Soekarno dan Hatta mendatangi
penguasa militer Jepang (Gunsei)
untuk memperoleh konfirmasi di kantornya di Koningsplein
(Medan Merdeka). Tapi kantor tersebut kosong.
Soekarno dan Hatta bersama
Soebardjo kemudian ke kantor Bukanfu,
Laksamana
Muda Maeda, di Jalan Medan
Merdeka Utara (Rumah Maeda di Jl Imam Bonjol 1). Maeda menyambut
kedatangan mereka dengan ucapan selamat atas keberhasilan mereka di
Dalat. Sambil menjawab ia belum menerima konfirmasi serta masih
menunggu instruksi dari Tokyo. Sepulang dari Maeda, Soekarno dan
Hatta segera mempersiapkan pertemuan Panitia Persiapan Kemerdekaan
Indonesia (PPKI) pada pukul 10 pagi 16 Agustus keesokan harinya di
kantor Jalan Pejambon No 2 guna membicarakan segala sesuatu yang
berhubungan dengan persiapan Proklamasi Kemerdekaan.

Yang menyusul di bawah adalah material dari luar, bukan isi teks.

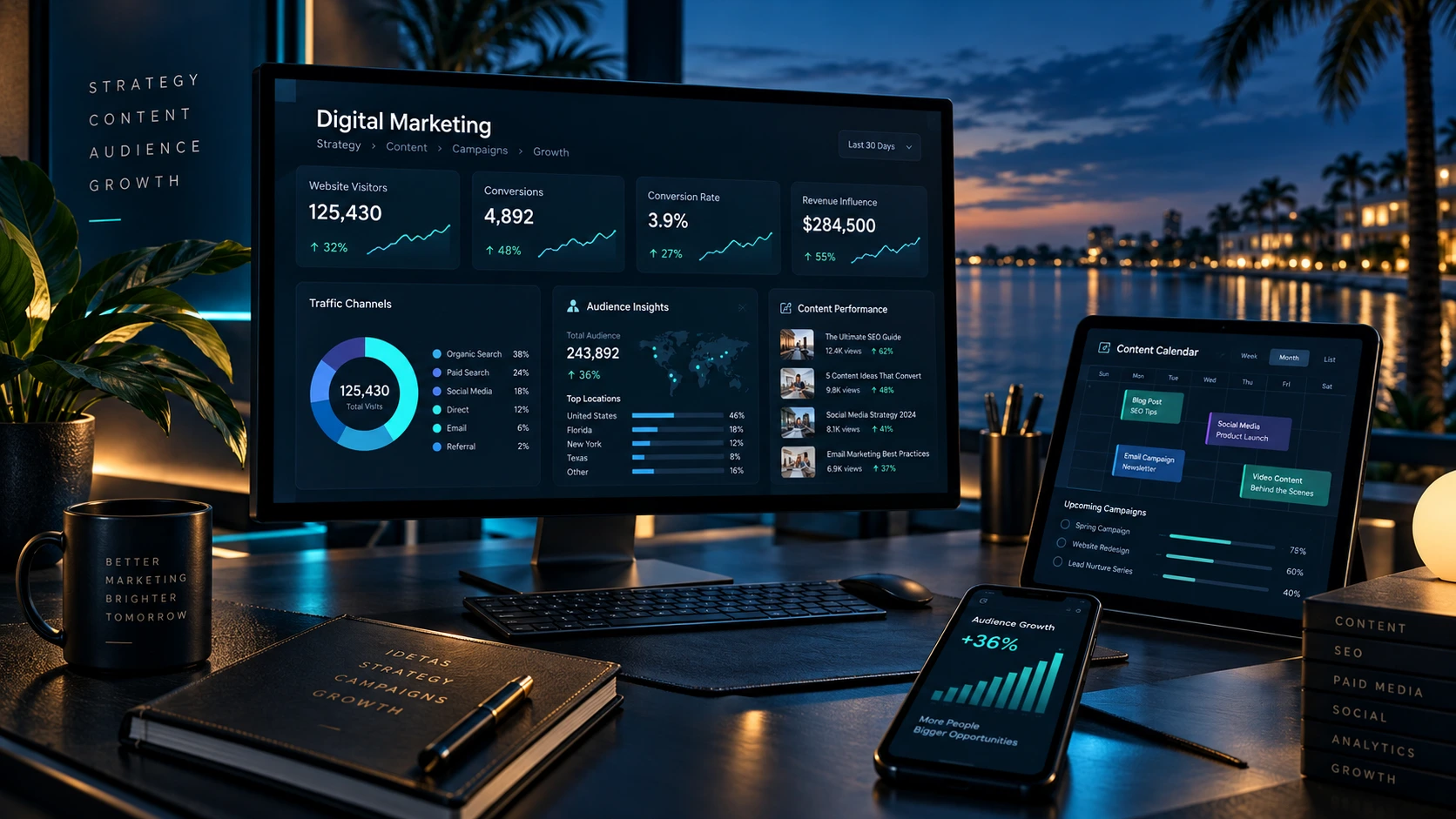 Digital Marketing Strategy And Analytics Workspace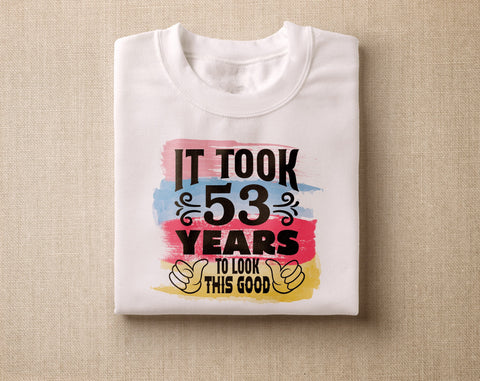 53rd Birthday Sublimation Designs Bundle, 6 53rd Birthday PNG Files, 53 And Fabulous PNG, Cheers To 53 Years PNG, Hello Fifty-Three PNG, Vintage 1970 PNG Sublimation HappyDesignStudio 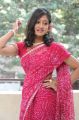 Actress Sandeepthi New Photos in Red Saree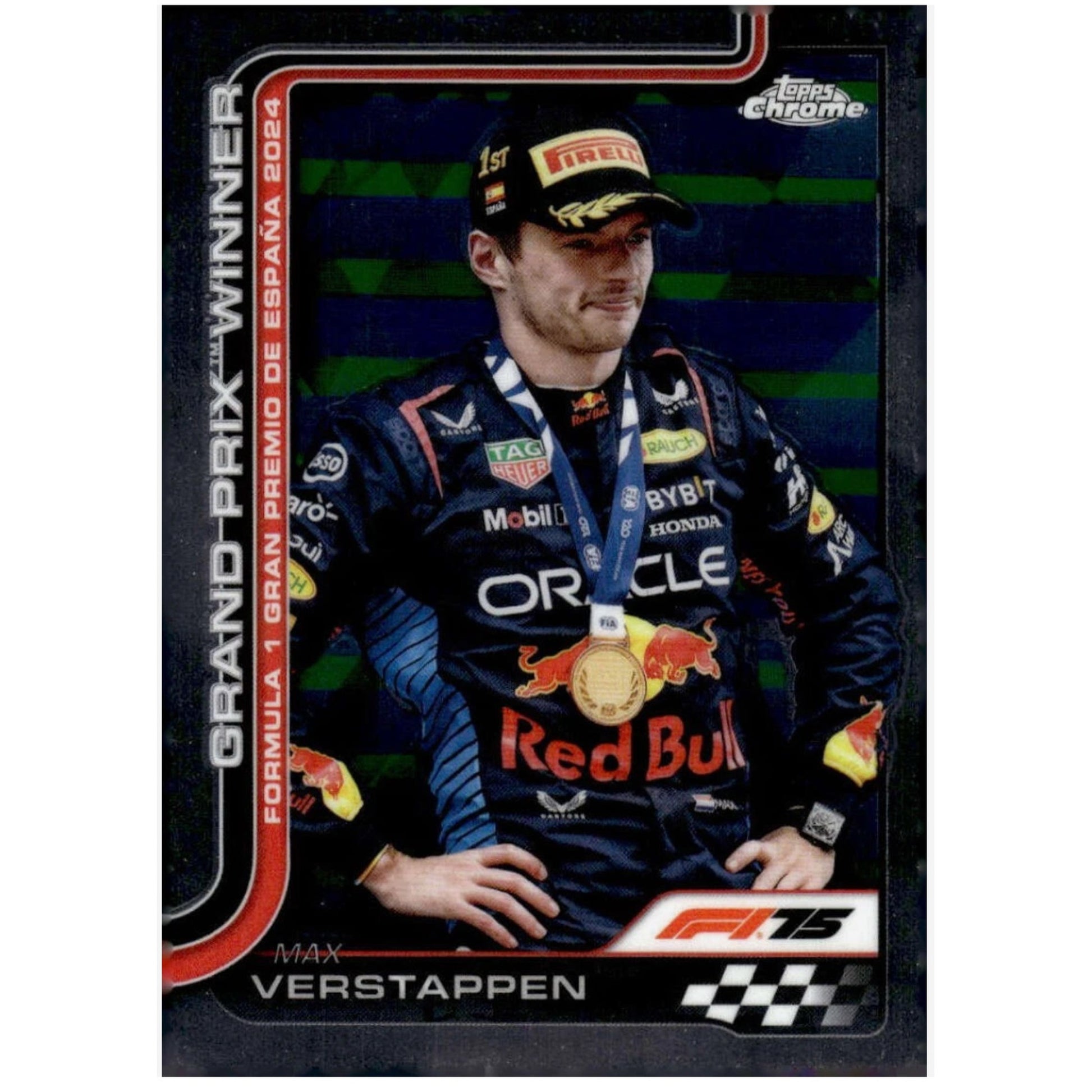 MAX VERSTAPPEN 2025 Topps Chrome F1 Base #102 Gran Premio De Espana GP Winner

Sehari kemudian, gejolak tekanan
yang menghendaki pengambilalihan kekuasaan oleh Indonesia makin
memuncak dilancarkan para pemuda dari beberapa golongan. Rapat PPKI
pada 16 Agustus pukul 10 pagi tidak dilaksanakan karena Soekarno dan
Hatta tidak muncul. Peserta rapat tidak tahu telah terjadi peristiwa
Rengasdengklok.
Peristiwa Rengasdengklok
Para pemuda pejuang, termasuk
Chaerul
Saleh, Sukarni,
dan Wikana
--yang konon kabarnya terbakar gelora heroismenya setelah berdiskusi
dengan Ibrahim
gelar Datuk Tan Malaka
--yang tergabung dalam gerakan bawah tanah kehilangan kesabaran, dan
pada dini hari tanggal 16
Agustus 1945.
Bersama Shodanco Singgih, salah seorang anggota PETA, dan pemuda
lain, mereka membawa Soekarno (bersama Fatmawati
dan Guntur
yang baru berusia 9 bulan) dan Hatta, ke Rengasdengklok, yang
kemudian terkenal sebagai peristiwa
Rengasdengklok. Tujuannya
adalah agar Ir. Soekarno dan Drs. Moh. Hatta tidak terpengaruh oleh
Jepang. Di sini, mereka kembali meyakinkan Soekarno bahwa Jepang
telah menyerah dan para pejuang telah siap untuk melawan Jepang, apa
pun risikonya. Di Jakarta, golongan muda, Wikana, dan golongan tua,
yaitu Mr.
Ahmad Soebardjo melakukan
perundingan. Mr. Ahmad Soebardjo menyetujui untuk memproklamasikan
kemerdekaan Indonesia di Jakarta. maka diutuslah Yusuf Kunto untuk
mengantar Ahmad Soebardjo ke Rengasdengklok.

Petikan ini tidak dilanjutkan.